L’IA générale est déjà là
Selon deux chercheurs de chez Google, les grands modèles d’IA d’aujourd’hui seront à l’avenir reconnus comme les premiers vrais exemples d’intelligence artificielle générale. Mais pourquoi ce déni dans l’opinion ?
Publié le 27 octobre 2023, par dans « transhumanisme »
Dans leur récent article Artificial General Intelligence is Already Here, les chercheurs en informatique Blaise Agüera y Arcas et Peter Norvig (Google) défendent la thèse selon laquelle l’intelligence artificielle générale (IAG) existe déjà.
Selon eux, l’ENIAC (1945) n’a pas été reconnu immédiatement comme le premier ordinateur électronique à usage général ; de la même manière, nous avons collectivement du mal à nous rendre compte que la propriété-clé que nous cherchions dans l’IAG, la généralisation, est déjà présente dans les “modèles-frontières” qui structurent LLaMA, ChatGPT ou Claude.
Parmi les capacités remarquables de ces modèles de langage, les auteurs distinguent notamment celle de l’apprentissage en contexte (apprendre à partir d’une invite plutôt qu’à partir des données d’apprentissage ; par exemple, «Écrivez un poème sur les chats dans le style d’Hemingway»).

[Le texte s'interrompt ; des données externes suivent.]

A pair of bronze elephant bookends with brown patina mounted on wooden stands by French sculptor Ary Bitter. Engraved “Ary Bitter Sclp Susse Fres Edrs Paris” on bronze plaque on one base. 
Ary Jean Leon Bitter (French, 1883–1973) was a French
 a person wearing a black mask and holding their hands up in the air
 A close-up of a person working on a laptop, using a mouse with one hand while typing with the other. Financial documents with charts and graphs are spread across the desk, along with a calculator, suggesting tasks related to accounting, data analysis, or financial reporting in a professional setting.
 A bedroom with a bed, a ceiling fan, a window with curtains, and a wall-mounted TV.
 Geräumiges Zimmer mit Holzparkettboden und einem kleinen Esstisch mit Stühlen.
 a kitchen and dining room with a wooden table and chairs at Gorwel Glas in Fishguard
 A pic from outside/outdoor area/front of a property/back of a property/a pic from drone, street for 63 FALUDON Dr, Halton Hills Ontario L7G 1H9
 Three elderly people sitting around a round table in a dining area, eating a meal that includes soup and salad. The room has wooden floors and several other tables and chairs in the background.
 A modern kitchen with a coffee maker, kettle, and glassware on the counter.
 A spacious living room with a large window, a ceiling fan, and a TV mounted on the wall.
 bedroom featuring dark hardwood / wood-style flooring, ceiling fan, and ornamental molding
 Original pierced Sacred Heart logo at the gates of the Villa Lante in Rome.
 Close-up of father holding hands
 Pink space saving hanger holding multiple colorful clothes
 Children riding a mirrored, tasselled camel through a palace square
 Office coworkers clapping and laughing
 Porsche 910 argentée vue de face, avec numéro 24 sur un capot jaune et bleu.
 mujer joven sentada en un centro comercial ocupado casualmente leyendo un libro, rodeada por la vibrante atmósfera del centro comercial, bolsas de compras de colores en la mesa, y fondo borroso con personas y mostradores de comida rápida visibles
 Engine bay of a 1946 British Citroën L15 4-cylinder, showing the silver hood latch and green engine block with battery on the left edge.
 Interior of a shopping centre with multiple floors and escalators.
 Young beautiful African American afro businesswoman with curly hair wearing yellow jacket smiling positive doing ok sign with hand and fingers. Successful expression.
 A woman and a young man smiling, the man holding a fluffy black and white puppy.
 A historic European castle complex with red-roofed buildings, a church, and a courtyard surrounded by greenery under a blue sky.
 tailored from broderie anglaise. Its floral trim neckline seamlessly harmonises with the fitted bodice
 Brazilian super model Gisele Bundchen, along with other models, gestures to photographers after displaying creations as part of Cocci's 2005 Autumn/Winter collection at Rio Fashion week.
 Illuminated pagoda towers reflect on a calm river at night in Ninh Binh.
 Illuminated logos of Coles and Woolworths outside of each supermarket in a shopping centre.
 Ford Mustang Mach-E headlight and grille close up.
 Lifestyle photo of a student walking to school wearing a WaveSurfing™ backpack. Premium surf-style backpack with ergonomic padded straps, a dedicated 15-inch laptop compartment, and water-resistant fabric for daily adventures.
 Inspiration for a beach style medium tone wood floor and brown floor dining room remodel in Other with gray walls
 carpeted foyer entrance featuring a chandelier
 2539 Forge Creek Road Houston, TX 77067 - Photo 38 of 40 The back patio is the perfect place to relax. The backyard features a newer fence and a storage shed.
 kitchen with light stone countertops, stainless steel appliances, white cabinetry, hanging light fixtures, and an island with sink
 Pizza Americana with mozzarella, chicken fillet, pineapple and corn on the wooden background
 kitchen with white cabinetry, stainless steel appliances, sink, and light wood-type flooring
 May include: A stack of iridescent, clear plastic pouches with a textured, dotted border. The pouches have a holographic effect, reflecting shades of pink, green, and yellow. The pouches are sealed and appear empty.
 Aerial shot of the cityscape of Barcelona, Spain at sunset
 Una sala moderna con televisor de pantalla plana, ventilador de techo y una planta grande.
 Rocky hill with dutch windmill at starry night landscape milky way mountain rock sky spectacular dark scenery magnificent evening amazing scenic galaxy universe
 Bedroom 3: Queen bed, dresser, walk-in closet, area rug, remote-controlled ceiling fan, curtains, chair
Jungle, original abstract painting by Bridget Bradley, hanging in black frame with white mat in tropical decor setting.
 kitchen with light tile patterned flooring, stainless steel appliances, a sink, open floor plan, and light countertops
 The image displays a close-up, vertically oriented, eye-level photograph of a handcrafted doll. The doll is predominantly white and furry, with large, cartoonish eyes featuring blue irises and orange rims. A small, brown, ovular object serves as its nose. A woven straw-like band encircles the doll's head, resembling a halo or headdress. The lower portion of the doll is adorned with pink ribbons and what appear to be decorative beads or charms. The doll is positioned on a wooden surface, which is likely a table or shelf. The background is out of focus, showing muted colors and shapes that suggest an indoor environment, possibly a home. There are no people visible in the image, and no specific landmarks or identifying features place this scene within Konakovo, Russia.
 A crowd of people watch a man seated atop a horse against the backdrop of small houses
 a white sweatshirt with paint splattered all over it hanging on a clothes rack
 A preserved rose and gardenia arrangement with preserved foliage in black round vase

Mais alors, quelles sont les raisons poussant de nombreux chercheurs à refuser de parler d’IAG ? Les auteurs en identifient quatre :
- un sain scepticisme à l’égard de la mesure de l’IAG ;
- un engagement idéologique à l’égard de théories ou de techniques alternatives en matière d’IA ;
- une sorte de chauvinisme humain (ou biologique) ;
- une inquiétude quant aux implications économiques de l’IAG.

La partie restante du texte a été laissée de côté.